A autora relata que é filha dos demandados, os quais residem em imóvel de sua propriedade, ocupado pelas partes conjuntamente. Ao conquistar sua independência financeira e adquirir imóvel para sua própria moradia, em 2002, deixou a casa em que vivia com seus genitores e foi morar em outro apartamento. Em 2013, ajuizou ação de interdição dos réus, quando seu irmão foi nomeado curador e, segundo ela, comprometeu-se em levar os pais para sua residência – o que não foi feito. Assim, requereu a reintegração de posse sobre o imóvel em questão.
Os demandados, por sua vez, alegam que a autora nunca exerceu posse sobre o imóvel e que, em verdade, o imóvel foi adquirido por eles, mas apenas registrado em nome da autora, sendo que ocupam o apartamento desde sua aquisição, em 1995. Descreveram sua delicada situação de saúde – vale destacar que a ré necessita de serviço diário de “home care” e assistência para todos os seus atos – e narram o recebimento de cuidados de saúde por seu curador, no referido apartamento.
Inicialmente, a juíza explica que, “a rigor, a ocupação do imóvel sob disputa ocorreu mediante consentimento da autora e ciência por parte dos réus de que a propriedade do imóvel pertence à requerente, nos moldes do registro na respectiva matrícula e na forma do artigo 1.245 do Código Civil”. Tratou-se, portanto, de ocupação fundada em comodato tácito, constituído, no presente caso, por prazo indeterminado, conclui a julgadora. Acrescenta, ainda, que, nesse caso, por força da norma inserta no artigo 581 do Código Civil, não é permitido suspender o uso e o gozo do bem emprestado enquanto ainda for útil ao comodatário, salvo comprovação de situação de necessidade urgente e imprevista.
A magistrada observa que a autora anuiu “por mais de uma década com a ocupação do imóvel por seus pais, sem apresentar resistência e, quando o uso do bem tornou-se ainda mais necessário pelos comodatários, os quais chegaram a idade avançada e demonstraram saúde especialmente debilitada, optou por reivindicar seu imóvel”. Assim, registra que o direito à propriedade da demandante não pode se sobrepor ao do direito dos demandados, por força da norma contida no artigo 230 da Constituição Federal. Isso porque “à semelhança do que ocorre com crianças e adolescentes, aos direitos dos idosos é assegurada prioridade absoluta e proteção integral por lei, o que deve ser observado de forma especial pela família”, pondera.
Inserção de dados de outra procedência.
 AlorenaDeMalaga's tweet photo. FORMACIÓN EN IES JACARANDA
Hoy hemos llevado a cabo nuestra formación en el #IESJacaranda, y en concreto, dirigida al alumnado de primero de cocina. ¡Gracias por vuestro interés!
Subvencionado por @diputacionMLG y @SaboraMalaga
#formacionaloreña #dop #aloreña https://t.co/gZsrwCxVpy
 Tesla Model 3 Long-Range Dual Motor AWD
Diante disso, concluiu a juíza: “a despeito de a posse constituir faculdade oriunda do direito de propriedade que a autora possui sobre o imóvel sob disputa (art. 1.228 do CC), a necessidade de resguardo do bem estar psicológico e físico, isto é, da saúde dos requeridos, ao lado da inexistência de prova da necessidade urgente e imprevisível de utilização do imóvel pela requerente e da continuidade da necessidade do uso proposto no comodato impedem o acolhimento da pretensão possessória na situação sob exame, sem prejuízo de que a proprietária seja financeiramente compensada pela utilização de seu bem”.
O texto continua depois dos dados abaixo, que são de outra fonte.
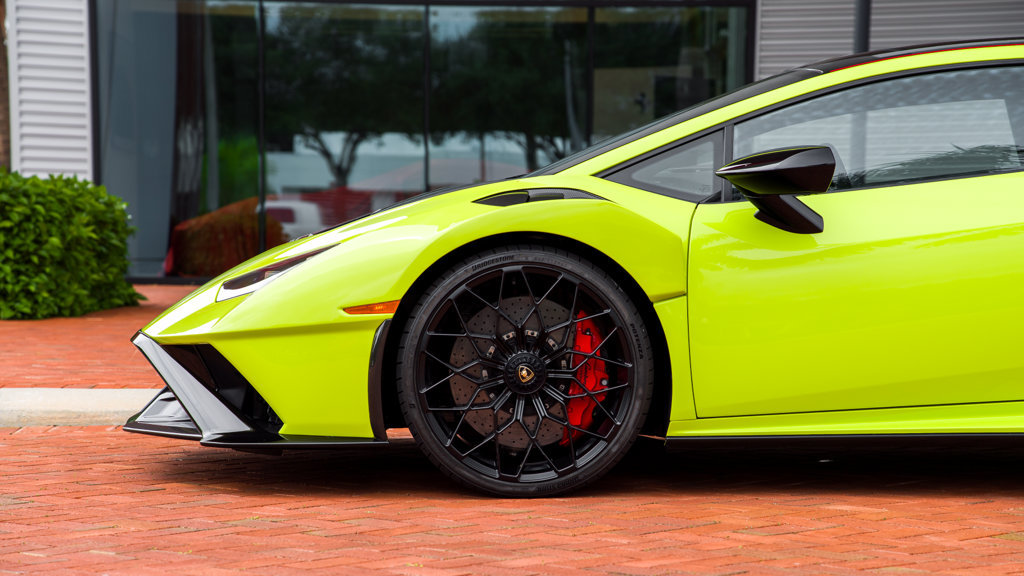 Used 2022 Lamborghini Huracan STO RWD image 2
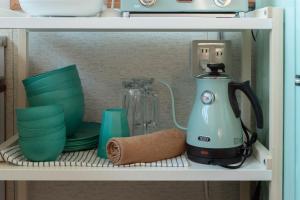 a kitchen shelf with a blender and plates and cups at VIVA SUMOTO - Vacation STAY 81374v in Amakusa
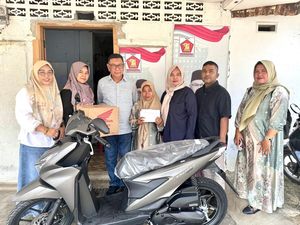 Andre Rosiade Serahkan Hadiah 1 Unit Motor ke Guru TK di Langki Sijunjung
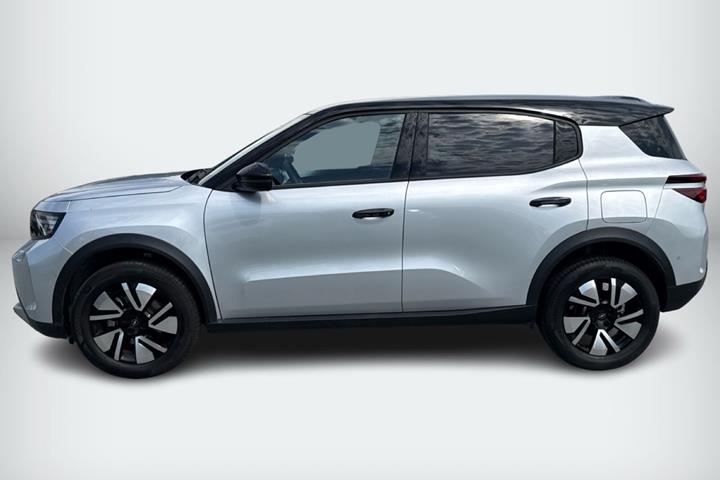 Sølv Opel Frontera fra 2025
Em sede de recurso, os desembargadores ressaltaram que os pais da autora, que já contam com mais de 85 anos de idade, são interditados e possuem debilidade física e mental atestada. Também observaram que, segundo laudo psicossocial, eventual mudança de moradia poderia implicar reflexos negativos no bem-estar físico e emocional de ambos, na medida em que residem no imóvel em questão por mais de 20 anos. Por fim, afirmaram, ainda, que, de acordo com o Estatuto do Idoso e do princípio da solidariedade familiar, é obrigação dos filhos dar assistência moral, psíquica e financeira aos pais em conformidade com o binômio possibilidade e necessidade.